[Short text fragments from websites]
/---
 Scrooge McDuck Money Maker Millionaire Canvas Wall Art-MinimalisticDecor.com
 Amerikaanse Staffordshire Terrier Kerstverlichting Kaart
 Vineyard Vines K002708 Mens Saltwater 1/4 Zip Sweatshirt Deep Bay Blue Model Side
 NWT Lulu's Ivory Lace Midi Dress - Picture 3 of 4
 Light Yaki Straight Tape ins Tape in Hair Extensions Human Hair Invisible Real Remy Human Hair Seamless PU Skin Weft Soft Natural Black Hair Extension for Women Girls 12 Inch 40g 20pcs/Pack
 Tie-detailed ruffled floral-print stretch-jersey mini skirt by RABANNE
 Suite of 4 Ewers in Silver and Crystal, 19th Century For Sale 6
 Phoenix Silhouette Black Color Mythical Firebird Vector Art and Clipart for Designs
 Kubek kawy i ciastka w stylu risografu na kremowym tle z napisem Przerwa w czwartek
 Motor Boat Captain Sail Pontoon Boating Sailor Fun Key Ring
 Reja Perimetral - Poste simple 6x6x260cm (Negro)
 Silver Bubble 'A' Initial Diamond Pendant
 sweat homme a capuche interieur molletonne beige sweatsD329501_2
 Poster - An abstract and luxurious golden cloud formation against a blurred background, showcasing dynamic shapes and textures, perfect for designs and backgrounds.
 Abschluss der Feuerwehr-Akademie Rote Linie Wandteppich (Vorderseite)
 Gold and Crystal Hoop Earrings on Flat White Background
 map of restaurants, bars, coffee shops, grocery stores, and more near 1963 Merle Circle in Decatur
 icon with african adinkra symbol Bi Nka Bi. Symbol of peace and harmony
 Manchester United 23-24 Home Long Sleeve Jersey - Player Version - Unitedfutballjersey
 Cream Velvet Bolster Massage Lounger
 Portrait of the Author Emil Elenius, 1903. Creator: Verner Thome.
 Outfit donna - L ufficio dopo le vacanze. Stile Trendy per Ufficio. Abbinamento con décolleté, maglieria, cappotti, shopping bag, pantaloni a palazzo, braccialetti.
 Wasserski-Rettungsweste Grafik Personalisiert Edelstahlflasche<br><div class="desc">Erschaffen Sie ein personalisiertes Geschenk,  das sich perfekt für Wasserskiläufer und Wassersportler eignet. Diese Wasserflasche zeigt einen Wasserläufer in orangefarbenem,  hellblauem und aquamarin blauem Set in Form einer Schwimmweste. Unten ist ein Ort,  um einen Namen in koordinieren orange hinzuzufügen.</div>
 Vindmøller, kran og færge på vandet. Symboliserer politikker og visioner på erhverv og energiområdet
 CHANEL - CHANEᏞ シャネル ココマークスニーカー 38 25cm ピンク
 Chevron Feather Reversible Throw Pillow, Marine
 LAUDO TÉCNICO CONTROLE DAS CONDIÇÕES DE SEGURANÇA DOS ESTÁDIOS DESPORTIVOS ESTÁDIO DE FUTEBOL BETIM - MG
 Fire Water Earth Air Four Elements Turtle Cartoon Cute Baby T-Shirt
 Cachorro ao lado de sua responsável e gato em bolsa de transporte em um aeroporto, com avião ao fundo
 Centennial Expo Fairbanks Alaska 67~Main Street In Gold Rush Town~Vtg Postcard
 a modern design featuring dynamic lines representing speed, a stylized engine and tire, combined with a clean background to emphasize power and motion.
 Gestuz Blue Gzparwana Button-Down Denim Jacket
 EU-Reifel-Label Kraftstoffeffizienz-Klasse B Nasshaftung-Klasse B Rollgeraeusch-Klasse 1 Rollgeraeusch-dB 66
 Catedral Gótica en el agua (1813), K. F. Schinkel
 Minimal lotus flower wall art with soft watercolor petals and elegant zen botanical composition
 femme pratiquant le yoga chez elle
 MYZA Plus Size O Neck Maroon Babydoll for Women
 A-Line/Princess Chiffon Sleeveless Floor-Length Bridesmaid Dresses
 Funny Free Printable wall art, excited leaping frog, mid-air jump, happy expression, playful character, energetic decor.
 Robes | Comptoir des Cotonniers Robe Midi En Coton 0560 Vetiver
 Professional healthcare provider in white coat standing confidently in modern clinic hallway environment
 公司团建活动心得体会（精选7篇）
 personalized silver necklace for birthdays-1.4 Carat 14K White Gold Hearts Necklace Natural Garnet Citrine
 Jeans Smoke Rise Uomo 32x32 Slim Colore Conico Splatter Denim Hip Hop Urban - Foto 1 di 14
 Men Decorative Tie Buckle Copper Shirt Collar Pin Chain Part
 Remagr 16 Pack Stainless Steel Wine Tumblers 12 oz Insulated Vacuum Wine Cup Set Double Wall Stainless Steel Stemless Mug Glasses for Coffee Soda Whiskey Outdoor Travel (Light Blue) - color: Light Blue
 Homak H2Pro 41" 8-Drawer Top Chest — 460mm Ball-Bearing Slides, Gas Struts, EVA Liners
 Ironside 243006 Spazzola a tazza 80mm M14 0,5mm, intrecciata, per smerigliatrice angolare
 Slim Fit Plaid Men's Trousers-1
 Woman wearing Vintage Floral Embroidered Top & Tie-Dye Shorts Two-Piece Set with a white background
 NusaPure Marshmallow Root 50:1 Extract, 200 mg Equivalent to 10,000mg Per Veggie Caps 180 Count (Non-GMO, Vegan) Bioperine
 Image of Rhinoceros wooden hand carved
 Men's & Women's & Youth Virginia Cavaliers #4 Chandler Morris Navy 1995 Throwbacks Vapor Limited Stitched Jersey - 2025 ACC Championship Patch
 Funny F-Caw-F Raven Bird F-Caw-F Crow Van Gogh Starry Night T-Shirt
\---
Reproduce the entries exactly. Every word has to stay the same.

EXERCISE RESPONSE
 Scrooge McDuck Money Maker Millionaire Canvas Wall Art-MinimalisticDecor.com
 Amerikaanse Staffordshire Terrier Kerstverlichting Kaart
 Vineyard Vines K002708 Mens Saltwater 1/4 Zip Sweatshirt Deep Bay Blue Model Side
 NWT Lulu's Ivory Lace Midi Dress - Picture 3 of 4
 Light Yaki Straight Tape ins Tape in Hair Extensions Human Hair Invisible Real Remy Human Hair Seamless PU Skin Weft Soft Natural Black Hair Extension for Women Girls 12 Inch 40g 20pcs/Pack
 Tie-detailed ruffled floral-print stretch-jersey mini skirt by RABANNE
 Suite of 4 Ewers in Silver and Crystal, 19th Century For Sale 6
 Phoenix Silhouette Black Color Mythical Firebird Vector Art and Clipart for Designs
 Kubek kawy i ciastka w stylu risografu na kremowym tle z napisem Przerwa w czwartek
 Motor Boat Captain Sail Pontoon Boating Sailor Fun Key Ring
 Reja Perimetral - Poste simple 6x6x260cm (Negro)
 Silver Bubble 'A' Initial Diamond Pendant
 sweat homme a capuche interieur molletonne beige sweatsD329501_2
 Poster - An abstract and luxurious golden cloud formation against a blurred background, showcasing dynamic shapes and textures, perfect for designs and backgrounds.
 Abschluss der Feuerwehr-Akademie Rote Linie Wandteppich (Vorderseite)
 Gold and Crystal Hoop Earrings on Flat White Background
 map of restaurants, bars, coffee shops, grocery stores, and more near 1963 Merle Circle in Decatur
 icon with african adinkra symbol Bi Nka Bi. Symbol of peace and harmony
 Manchester United 23-24 Home Long Sleeve Jersey - Player Version - Unitedfutballjersey
 Cream Velvet Bolster Massage Lounger
 Portrait of the Author Emil Elenius, 1903. Creator: Verner Thome.
 Outfit donna - L ufficio dopo le vacanze. Stile Trendy per Ufficio. Abbinamento con décolleté, maglieria, cappotti, shopping bag, pantaloni a palazzo, braccialetti.
 Wasserski-Rettungsweste Grafik Personalisiert Edelstahlflasche<br><div class="desc">Erschaffen Sie ein personalisiertes Geschenk,  das sich perfekt für Wasserskiläufer und Wassersportler eignet. Diese Wasserflasche zeigt einen Wasserläufer in orangefarbenem,  hellblauem und aquamarin blauem Set in Form einer Schwimmweste. Unten ist ein Ort,  um einen Namen in koordinieren orange hinzuzufügen.</div>
 Vindmøller, kran og færge på vandet. Symboliserer politikker og visioner på erhverv og energiområdet
 CHANEL - CHANEᏞ シャネル ココマークスニーカー 38 25cm ピンク
 Chevron Feather Reversible Throw Pillow, Marine
 LAUDO TÉCNICO CONTROLE DAS CONDIÇÕES DE SEGURANÇA DOS ESTÁDIOS DESPORTIVOS ESTÁDIO DE FUTEBOL BETIM - MG
 Fire Water Earth Air Four Elements Turtle Cartoon Cute Baby T-Shirt
 Cachorro ao lado de sua responsável e gato em bolsa de transporte em um aeroporto, com avião ao fundo
 Centennial Expo Fairbanks Alaska 67~Main Street In Gold Rush Town~Vtg Postcard
 a modern design featuring dynamic lines representing speed, a stylized engine and tire, combined with a clean background to emphasize power and motion.
 Gestuz Blue Gzparwana Button-Down Denim Jacket
 EU-Reifel-Label Kraftstoffeffizienz-Klasse B Nasshaftung-Klasse B Rollgeraeusch-Klasse 1 Rollgeraeusch-dB 66
 Catedral Gótica en el agua (1813), K. F. Schinkel
 Minimal lotus flower wall art with soft watercolor petals and elegant zen botanical composition
 femme pratiquant le yoga chez elle
 MYZA Plus Size O Neck Maroon Babydoll for Women
 A-Line/Princess Chiffon Sleeveless Floor-Length Bridesmaid Dresses
 Funny Free Printable wall art, excited leaping frog, mid-air jump, happy expression, playful character, energetic decor.
 Robes | Comptoir des Cotonniers Robe Midi En Coton 0560 Vetiver
 Professional healthcare provider in white coat standing confidently in modern clinic hallway environment
 公司团建活动心得体会（精选7篇）
 personalized silver necklace for birthdays-1.4 Carat 14K White Gold Hearts Necklace Natural Garnet Citrine
 Jeans Smoke Rise Uomo 32x32 Slim Colore Conico Splatter Denim Hip Hop Urban - Foto 1 di 14
 Men Decorative Tie Buckle Copper Shirt Collar Pin Chain Part
 Remagr 16 Pack Stainless Steel Wine Tumblers 12 oz Insulated Vacuum Wine Cup Set Double Wall Stainless Steel Stemless Mug Glasses for Coffee Soda Whiskey Outdoor Travel (Light Blue) - color: Light Blue
 Homak H2Pro 41" 8-Drawer Top Chest — 460mm Ball-Bearing Slides, Gas Struts, EVA Liners
 Ironside 243006 Spazzola a tazza 80mm M14 0,5mm, intrecciata, per smerigliatrice angolare
 Slim Fit Plaid Men's Trousers-1
 Woman wearing Vintage Floral Embroidered Top & Tie-Dye Shorts Two-Piece Set with a white background
 NusaPure Marshmallow Root 50:1 Extract, 200 mg Equivalent to 10,000mg Per Veggie Caps 180 Count (Non-GMO, Vegan) Bioperine
 Image of Rhinoceros wooden hand carved
 Men's & Women's & Youth Virginia Cavaliers #4 Chandler Morris Navy 1995 Throwbacks Vapor Limited Stitched Jersey - 2025 ACC Championship Patch
 Funny F-Caw-F Raven Bird F-Caw-F Crow Van Gogh Starry Night T-Shirt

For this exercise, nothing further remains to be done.